Water on the dancefloor

I don't usually get too scientific on you, but I thought this was interesting. Did you know that scientists are still making discoveries about the molecular structure of plain old liquid water?

"One can visualize this as a crowded dance restaurant, with some people sitting at large tables, taking up quite a bit of room—like the tetrahedral component in water—and other people on the dance floor, standing close together and moving slower or faster depending on the mood or 'temperature' of the restaurant—like the molecules in the disordered regions can be excited by heat, the dancers can be excited and move faster with the music," Nilsson said. "There's an exchange when people sitting decide to get up to dance and other dancers sit down to rest. When the dance floor really gets busy, tables can also be moved out of the way to allow for more dancers, and when things cool back off, more tables can be brought in."

This more detailed understanding of the molecular structure and dynamics of liquid water at ambient temperatures mirrors theoretical work on "supercooled" water: an unusual state in which water has not turned into ice even though it is far below the freezing point. In this state, theorists postulate, the liquid is made up of a continuously fluctuating mix of tetrahedral and more disordered structures, with the ratio of the two depending on temperature—just as Nilsson and his colleagues have found to be the case with water at the ambient temperatures important for life.

"Previously, hardly anyone thought that such fluctuations leading to distinct local structures existed at ambient temperatures," Nilsson said. "But that's precisely what we found."

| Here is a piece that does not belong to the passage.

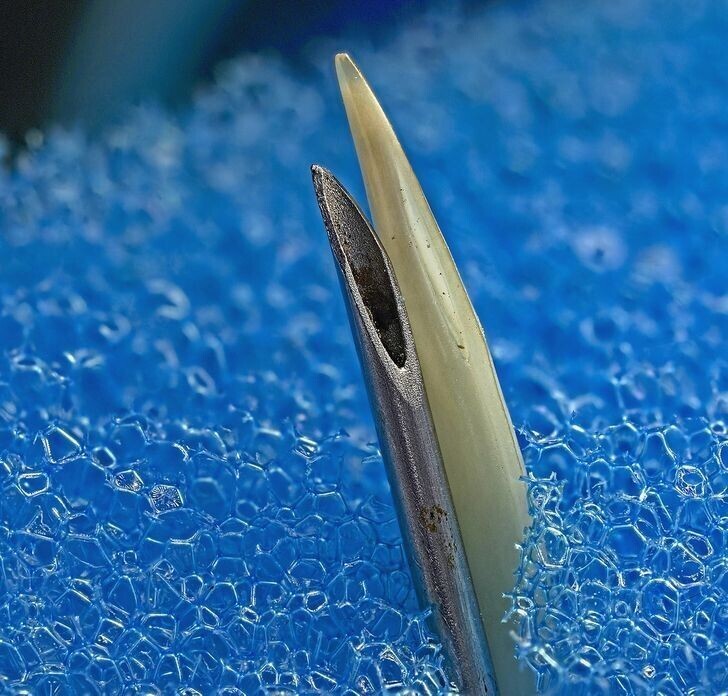 Игла шприца и ядовитый зуб змеи, вид под микроскопом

This new work explains, in part, the liquid's strange properties. Water's density maximum at 4 degrees Celsius can be explained by the fact that the tetrahedral structures are of lower density, which does not vary significantly with temperature, while the more disordered regions—which are of higher density—become more disordered and so less dense with increasing temperature. Likewise, as water heats, the percentage of molecules in the more disordered state increases, allowing this excitable structure to absorb significant amounts of heat, which leads to water's high heat capacity. Water's tendency to form strong hydrogen bonds explains the high surface tension that insects take advantage of when walking across water.